The investments we are making has changed, or is changing, the economy of the neighbourhood. We’ve just inaugurated a pipeline in Nepal, we are working on some important railway projects in Nepal, which would be coming onstream very, very quickly. With Sri Lanka, we’ve been probably the largest development assistance partner and we’ve done both infrastructure restoration and post-conflict rehabilitation.
In the neighbourhood or more broadly the Indian Ocean region, is there need for some structural change in the way we deliver on project implementation?
What you do abroad cannot be that different from what you do in the country. Second, this was a new area for us, so we’ve had lessons learnt on it. But today, I can tell you that actually our delivery on projects is phenomenal. Next time we go to Mauritius, ask them how quickly we built their metro. Or, you look today at Afghanistan.
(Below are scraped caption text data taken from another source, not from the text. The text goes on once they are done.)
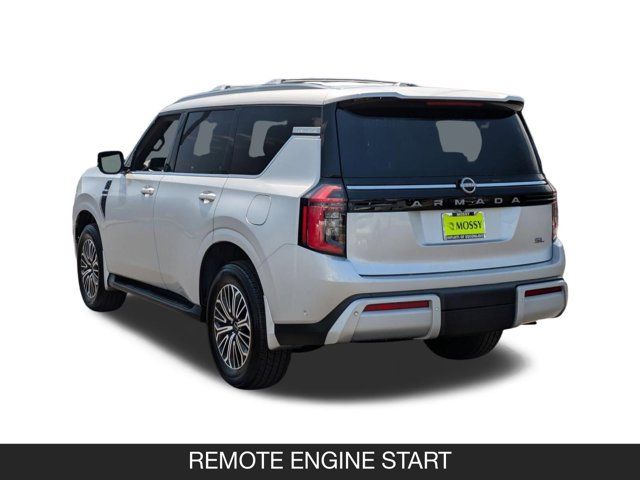 2026 Nissan Armada SL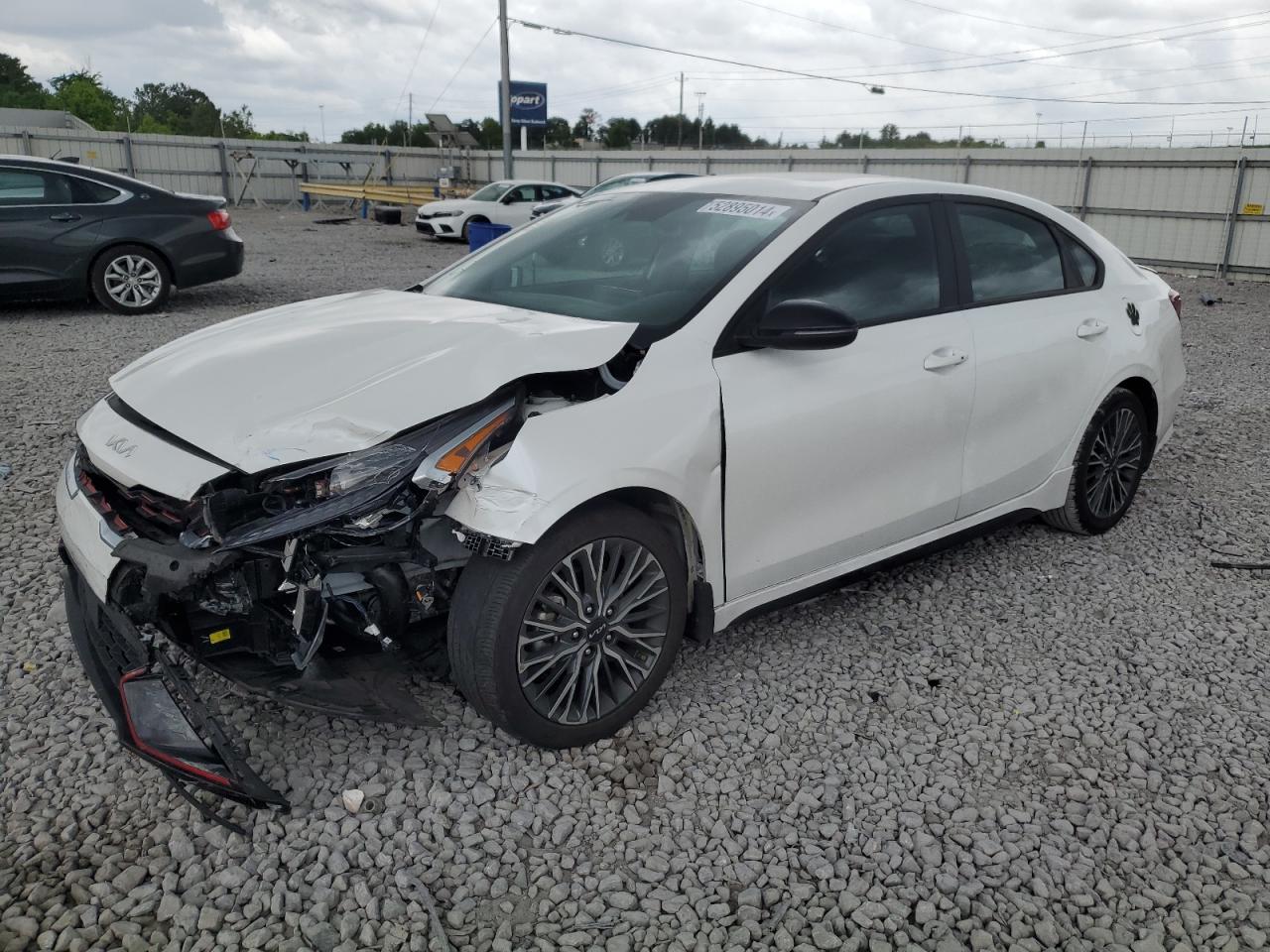 2023 KIA FORTE GT LINE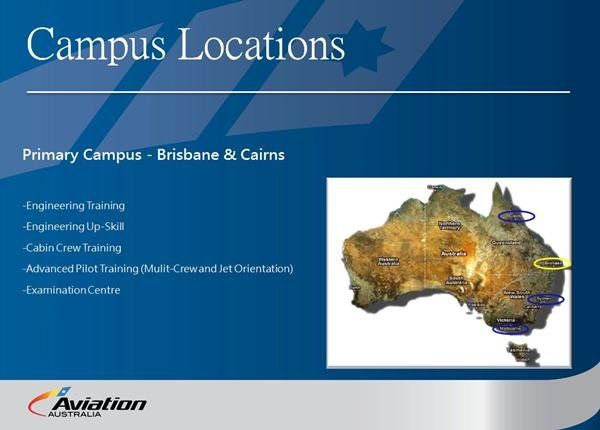 Aviation Australia澳洲國立航空技術學院、飛行學校、飛行機師、自訓機師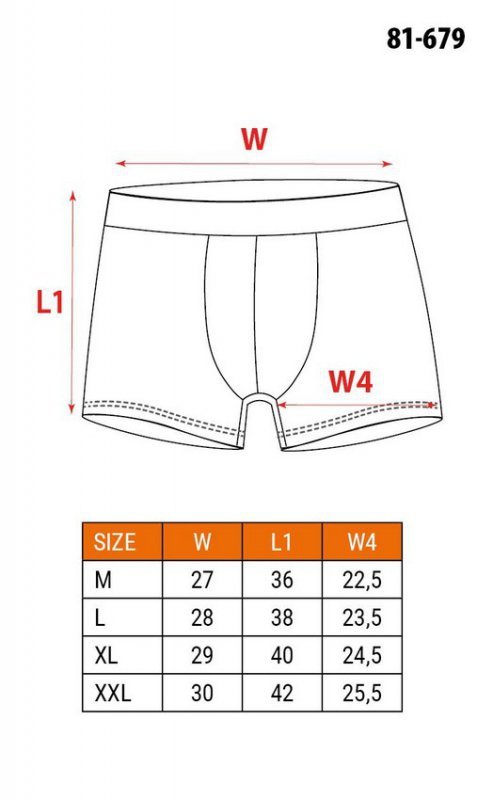 BOKSERKI BASIC 3-PACK ROZMIAR L (1 KPL)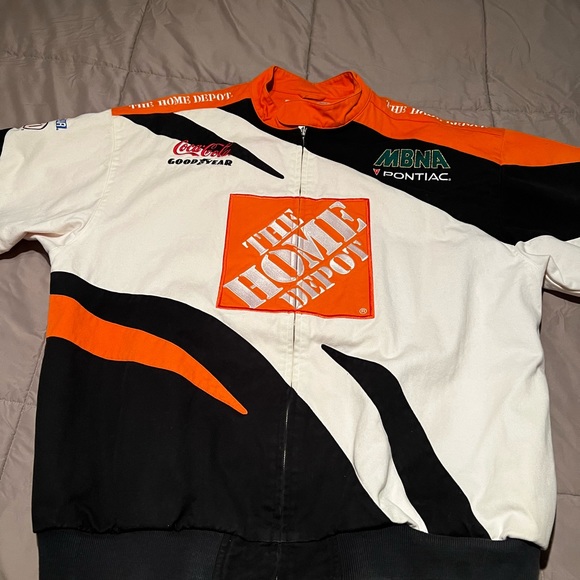 Tony Stuart Home Depot NASCAR Jacket. - Picture 2 of 9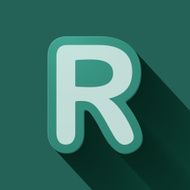 Volume icons alphabet R N4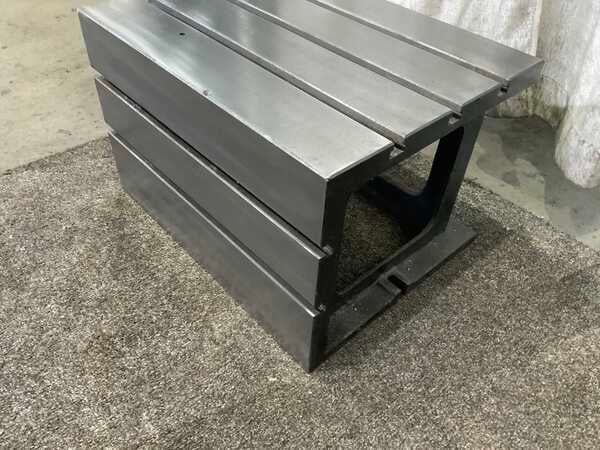 T-slot box drill table, 19 -1/2" x 25 -1/2" x 16 - Image 4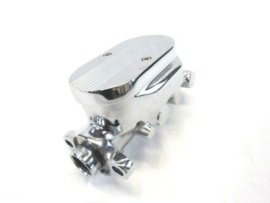 GM Aluminum Master Cylinder Ball Mill 1-1/8" Bore, 9/16" / 1/2" Ports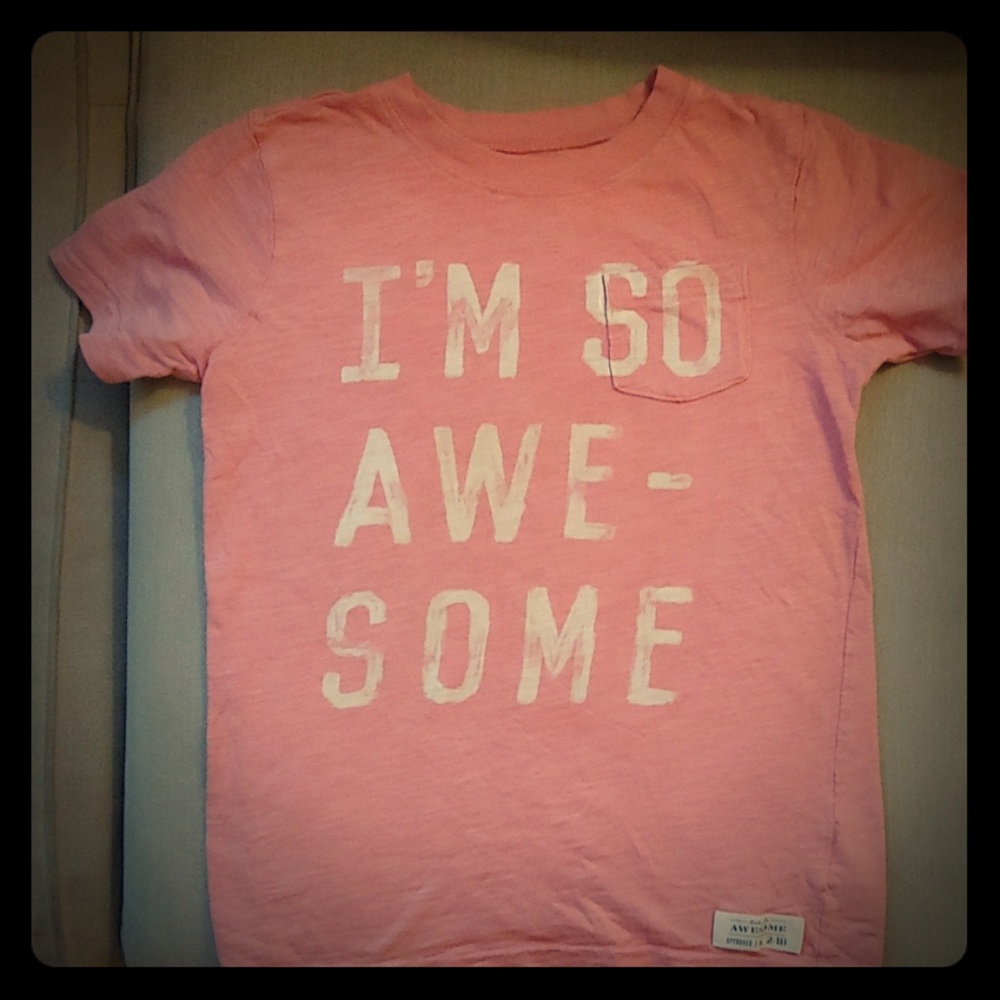 Kids style t-shirt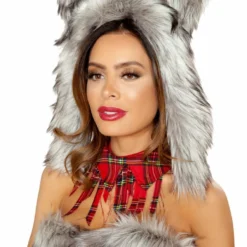 Roma Costume Wolf Hood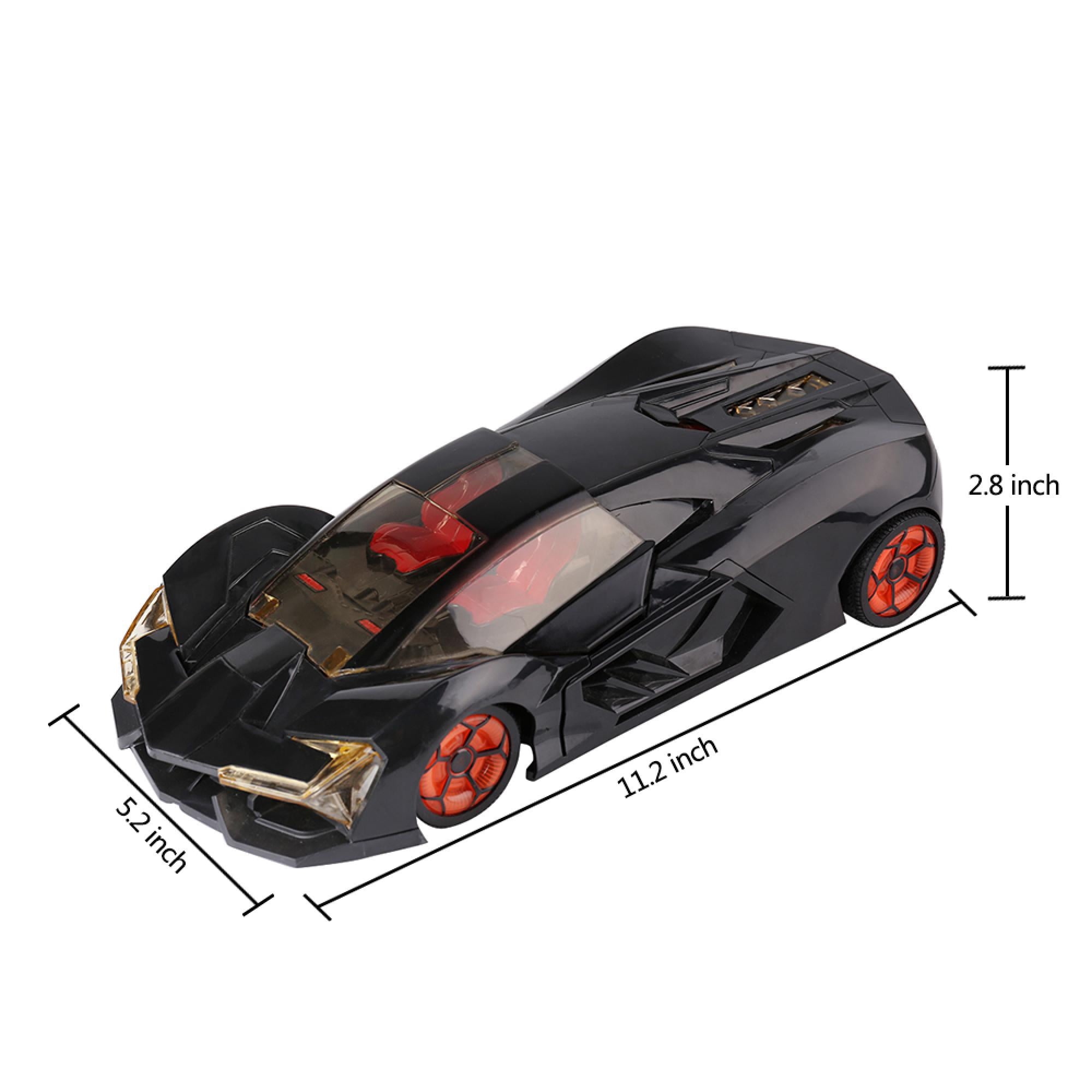 Remote Control Sports Car Super Drift Racer – High-Speed 1:12 Scale RC Car with Lights & Sounds, Full-Function Remote Control Toy for Kids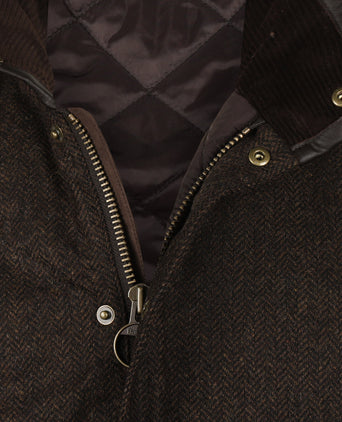 Barbour Hereford Tweed Wool Jacket | Bruin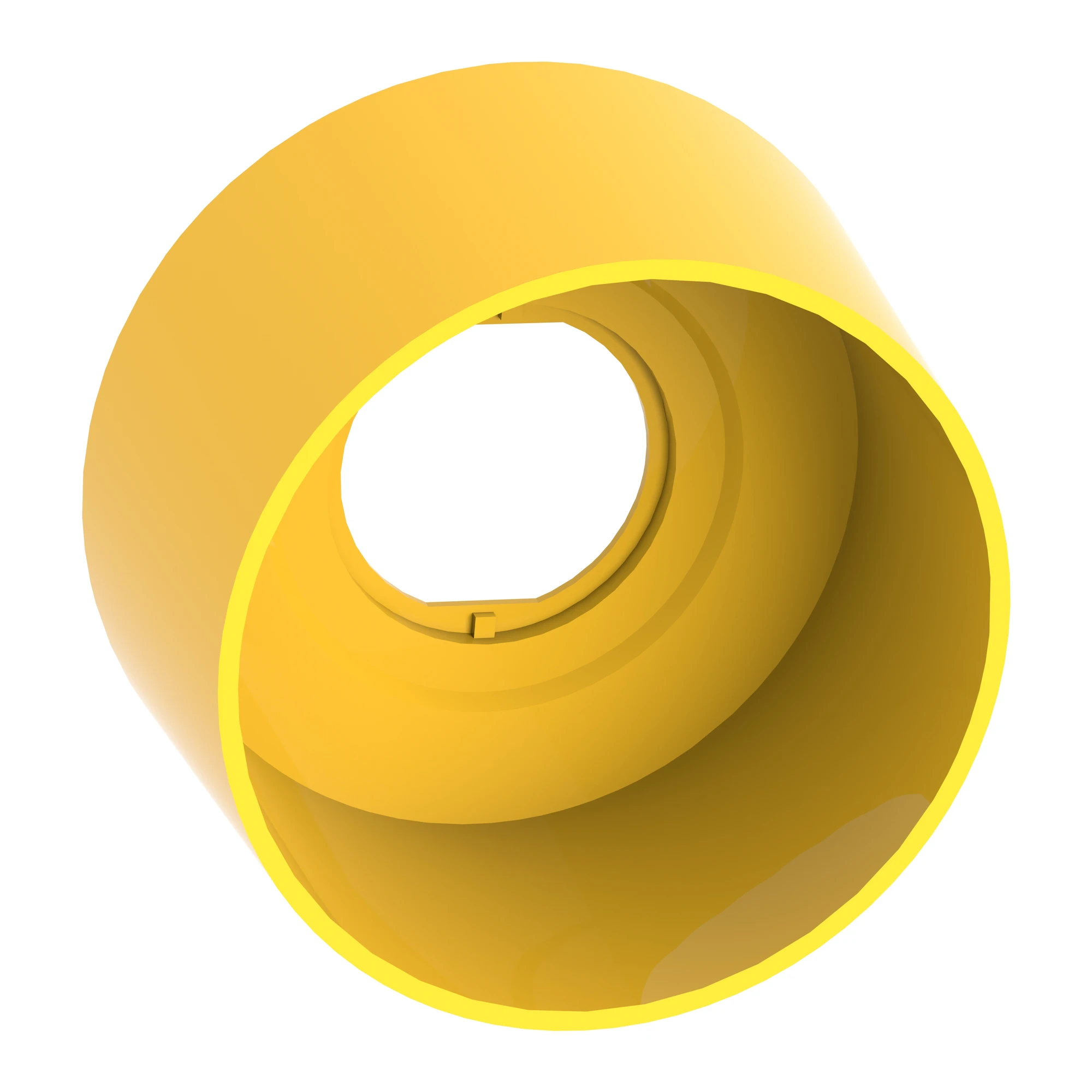 Schneider Electric ZB4BZ2105 Protective collar, Harmony XB4 and XB5, yellow, round, for emergency stop switch (img_007) Schneider Electric ZB4BZ2105 Protective collar, Harmony XB4 and XB5, yellow, round, for emergency stop switch (img_007)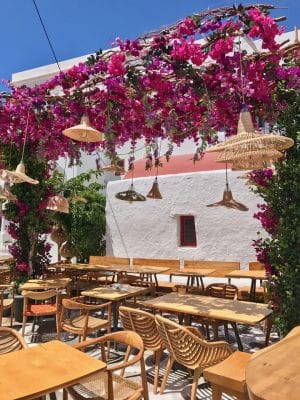 Mykonos em Julho - Little Venice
Under the most challenging conditions, conditions in which European countries were not willing to work, we built the first dam anybody built in 70 years in that country. We brought power to Kabul, we built the parliament building, we built the Zaranj-Delaram road. In Nepal, in the Amlekhgunj pipeline, we were actually ahead of schedule. I grant that there is scope for improvement, but working abroad and working as per rules, we can’t do things which some competitors can do.
Many countries are looking to India to do more on security. Are we ready to respond or are we still risk averse?
I would be careful in this domain. I speak with the experience of someone who has spent two years with the IPKF, so — and this is me personally, I am not speaking government policy — I learned the hard way the dangers of having boots on the ground abroad, and my personal inclination is to be conservative. Having said that, you know that the Navy has been deployed in the Gulf since there were problems of tankers being attacked. So it’s not that we haven’t responded where we’ve had to.